If the OS is expected to manage an ACPI device, that device will have a specific _HID/_CID that tells the OS what driver to bind to it, and the _CRS tells the OS and the driver where the device's registers are.
PNP0C02 "motherboard" devices are basically a catch-all. There's no programming model for them other than "don't use these resources for anything else." So any address space that is (1) not claimed by some other ACPI device and (2) should not be assigned by the OS to something else, should be claimed by a PNP0C02 _CRS method.
PCI host bridges are PNP0A03 or PNP0A08 devices. Their _CRS should describe all the address space they consume. In principle, this would be all the windows they forward down to the PCI bus, as well as the bridge registers themselves. The bridge registers include things like secondary/subordinate bus registers that determine the bus range below the bridge, window registers that describe the apertures, etc. These are all device-specific, non-architected things, so the only way a PNP0A03/PNP0A08 driver can manage them is via _PRS/_CRS/_SRS, which contain the device-specific details. These bridge registers also include ECAM space, since it is consumed by the bridge.
ACPI defined a Producer/Consumer bit that was intended to distinguish the bridge apertures from the bridge registers [4, 5]. However, BIOSes didn't use that bit correctly, and the result is that OSes have to assume that everything in a PCI host bridge _CRS is a window. That leaves no way to describe the bridge registers in the PNP0A03/PNP0A08 device itself.
The workaround is to describe the bridge registers (including ECAM space) in PNP0C02 catch-all devices [6]. With the exception of ECAM, the bridge register space is device-specific anyway, so the generic PNP0A03/PNP0A08 driver (pci_root.c) has no need to know about it. For ECAM, pci_root.c learns about the space from either MCFG or the _CBA method.
Note that the PCIe spec actually does require ECAM unless there's a standard firmware interface for config access, e.g., the ia64 SAL interface [7]. One reason is that we want a generic host bridge driver (pci_root.c), and a generic driver requires a generic way to access config space.
[1] ACPI 6.0, sec 6.1: For any device that is on a non-enumerable type of bus (for example, an ISA bus), OSPM enumerates the devices' identifier(s) and the ACPI system firmware must supply an _HID object ... for each device to enable OSPM to do that.
[2] ACPI 6.0, sec 3.7: The OS enumerates motherboard devices simply by reading through the ACPI Namespace looking for devices with hardware IDs.

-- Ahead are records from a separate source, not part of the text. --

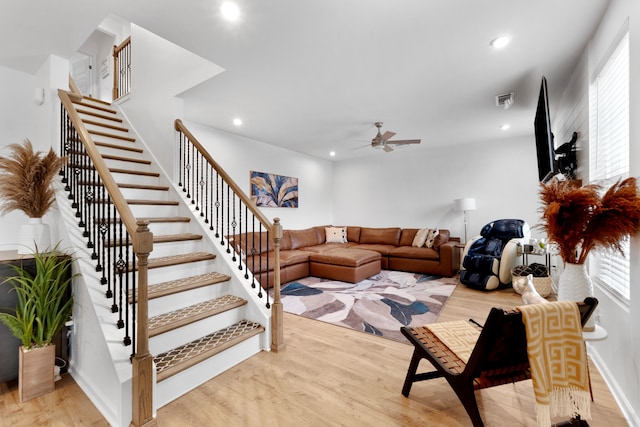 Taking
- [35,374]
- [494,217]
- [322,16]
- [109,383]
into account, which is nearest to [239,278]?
[109,383]

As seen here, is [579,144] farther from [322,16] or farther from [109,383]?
[109,383]

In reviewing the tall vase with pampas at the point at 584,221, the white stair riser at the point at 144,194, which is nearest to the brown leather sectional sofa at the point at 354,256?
the white stair riser at the point at 144,194

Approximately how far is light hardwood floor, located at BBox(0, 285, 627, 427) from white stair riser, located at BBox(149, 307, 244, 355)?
0.36 meters

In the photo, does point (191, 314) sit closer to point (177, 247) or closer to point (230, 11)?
point (177, 247)

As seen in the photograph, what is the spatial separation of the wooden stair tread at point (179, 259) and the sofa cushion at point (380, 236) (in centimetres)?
430

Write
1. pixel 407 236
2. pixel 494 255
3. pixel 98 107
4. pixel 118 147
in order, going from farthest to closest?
pixel 407 236
pixel 494 255
pixel 98 107
pixel 118 147

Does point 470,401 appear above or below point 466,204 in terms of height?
below

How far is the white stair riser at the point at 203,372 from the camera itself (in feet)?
5.95

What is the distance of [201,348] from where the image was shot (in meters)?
2.11

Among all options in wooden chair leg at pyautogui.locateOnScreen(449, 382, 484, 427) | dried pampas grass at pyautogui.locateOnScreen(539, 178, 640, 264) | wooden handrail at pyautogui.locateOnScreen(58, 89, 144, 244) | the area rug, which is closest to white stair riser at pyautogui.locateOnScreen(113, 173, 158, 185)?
A: wooden handrail at pyautogui.locateOnScreen(58, 89, 144, 244)

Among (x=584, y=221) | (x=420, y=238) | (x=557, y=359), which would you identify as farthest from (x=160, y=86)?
(x=420, y=238)

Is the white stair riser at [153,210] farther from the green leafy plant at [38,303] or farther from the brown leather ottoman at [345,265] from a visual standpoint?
the brown leather ottoman at [345,265]

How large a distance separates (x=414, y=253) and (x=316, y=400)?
4022 mm

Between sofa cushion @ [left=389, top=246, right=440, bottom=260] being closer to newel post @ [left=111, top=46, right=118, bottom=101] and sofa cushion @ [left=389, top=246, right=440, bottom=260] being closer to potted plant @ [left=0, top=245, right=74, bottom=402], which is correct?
potted plant @ [left=0, top=245, right=74, bottom=402] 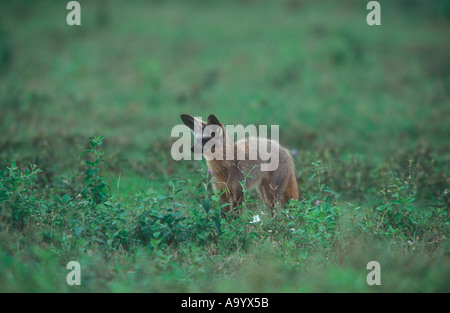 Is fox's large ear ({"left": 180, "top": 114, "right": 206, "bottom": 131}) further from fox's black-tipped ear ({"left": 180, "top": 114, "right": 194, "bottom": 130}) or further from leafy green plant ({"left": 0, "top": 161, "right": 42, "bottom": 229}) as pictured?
leafy green plant ({"left": 0, "top": 161, "right": 42, "bottom": 229})

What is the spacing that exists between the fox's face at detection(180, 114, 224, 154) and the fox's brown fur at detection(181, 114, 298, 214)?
1 centimetres

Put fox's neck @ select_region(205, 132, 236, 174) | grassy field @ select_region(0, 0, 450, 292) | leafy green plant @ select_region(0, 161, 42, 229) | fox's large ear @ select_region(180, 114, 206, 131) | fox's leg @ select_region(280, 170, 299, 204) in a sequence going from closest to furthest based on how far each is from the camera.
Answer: grassy field @ select_region(0, 0, 450, 292) < leafy green plant @ select_region(0, 161, 42, 229) < fox's large ear @ select_region(180, 114, 206, 131) < fox's neck @ select_region(205, 132, 236, 174) < fox's leg @ select_region(280, 170, 299, 204)

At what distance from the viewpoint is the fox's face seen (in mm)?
6477

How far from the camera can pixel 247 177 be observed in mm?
6793

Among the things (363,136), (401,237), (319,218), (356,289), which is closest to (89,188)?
(319,218)

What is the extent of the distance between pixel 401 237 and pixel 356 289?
4.53 feet

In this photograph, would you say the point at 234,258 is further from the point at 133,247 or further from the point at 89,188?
the point at 89,188

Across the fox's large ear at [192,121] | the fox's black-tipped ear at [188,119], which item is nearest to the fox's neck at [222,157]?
the fox's large ear at [192,121]

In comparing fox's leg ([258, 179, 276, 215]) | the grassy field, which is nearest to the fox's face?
the grassy field

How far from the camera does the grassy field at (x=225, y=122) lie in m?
4.84

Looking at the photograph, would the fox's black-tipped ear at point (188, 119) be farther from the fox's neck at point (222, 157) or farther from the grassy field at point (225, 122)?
the grassy field at point (225, 122)

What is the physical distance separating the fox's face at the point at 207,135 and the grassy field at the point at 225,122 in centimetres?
61

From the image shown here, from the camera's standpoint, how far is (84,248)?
4941mm

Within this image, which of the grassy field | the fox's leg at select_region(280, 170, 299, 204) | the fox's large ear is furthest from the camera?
the fox's leg at select_region(280, 170, 299, 204) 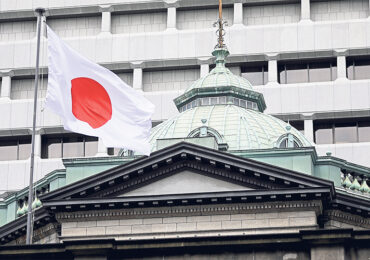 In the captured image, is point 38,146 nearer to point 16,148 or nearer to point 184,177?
point 16,148

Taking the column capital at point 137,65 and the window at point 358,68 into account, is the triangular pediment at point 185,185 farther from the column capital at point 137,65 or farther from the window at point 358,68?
the window at point 358,68

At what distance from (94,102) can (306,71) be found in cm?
3675

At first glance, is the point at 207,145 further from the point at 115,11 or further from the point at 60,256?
the point at 115,11

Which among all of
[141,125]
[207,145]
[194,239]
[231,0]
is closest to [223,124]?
[207,145]

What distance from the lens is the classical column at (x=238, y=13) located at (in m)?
98.2

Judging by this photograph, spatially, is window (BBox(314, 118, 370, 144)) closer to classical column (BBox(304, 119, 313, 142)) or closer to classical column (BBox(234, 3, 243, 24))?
classical column (BBox(304, 119, 313, 142))

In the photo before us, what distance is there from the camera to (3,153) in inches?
3974

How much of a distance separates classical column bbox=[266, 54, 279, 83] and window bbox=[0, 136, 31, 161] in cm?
1475

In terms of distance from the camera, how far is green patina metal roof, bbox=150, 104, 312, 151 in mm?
74250

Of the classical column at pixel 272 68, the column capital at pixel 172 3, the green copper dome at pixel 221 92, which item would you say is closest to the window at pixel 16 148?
the column capital at pixel 172 3

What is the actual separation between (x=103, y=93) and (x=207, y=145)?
8.02 meters

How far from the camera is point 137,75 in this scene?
98.6m

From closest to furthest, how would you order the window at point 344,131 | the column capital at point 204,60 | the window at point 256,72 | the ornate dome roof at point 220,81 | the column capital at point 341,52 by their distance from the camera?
the ornate dome roof at point 220,81 → the window at point 344,131 → the column capital at point 341,52 → the column capital at point 204,60 → the window at point 256,72

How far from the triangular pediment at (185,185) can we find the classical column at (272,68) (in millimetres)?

Each device enumerated by ACPI includes ACPI-defined objects in the ACPI Namespace that report the hardware resources the device could occupy [_PRS], an object that reports the resources that are currently used by the device [_CRS], and objects for configuring those resources [_SRS]. The information is used by the Plug and Play OS (OSPM) to configure the devices.
[3] ACPI 6.0, sec 6.2: OSPM uses device configuration objects to configure hardware resources for devices enumerated via ACPI. Device configuration objects provide information about current and possible resource requirements, the relationship between shared resources, and methods for configuring hardware resources.
When OSPM enumerates a device, it calls _PRS to determine the resource requirements of the device. It may also call _CRS to find the current resource settings for the device. Using this information, the Plug and Play system determines what resources the device should consume and sets those resources by calling the device’s _SRS control method.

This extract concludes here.